All lines from the one containing "evening light Modern" down to the one containing "Mexican Train Dominoes", both ends included, are to be given again exactly; omit the rest of the listing below.

### Records supplied
'''
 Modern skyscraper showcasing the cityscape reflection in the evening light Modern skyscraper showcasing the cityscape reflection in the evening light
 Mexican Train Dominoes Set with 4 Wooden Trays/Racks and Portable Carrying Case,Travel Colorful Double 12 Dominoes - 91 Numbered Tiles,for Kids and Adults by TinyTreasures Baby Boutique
'''
'''
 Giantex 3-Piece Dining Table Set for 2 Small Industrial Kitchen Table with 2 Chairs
'''
### Task response
 Modern skyscraper showcasing the cityscape reflection in the evening light Modern skyscraper showcasing the cityscape reflection in the evening light
 Mexican Train Dominoes Set with 4 Wooden Trays/Racks and Portable Carrying Case,Travel Colorful Double 12 Dominoes - 91 Numbered Tiles,for Kids and Adults by TinyTreasures Baby Boutique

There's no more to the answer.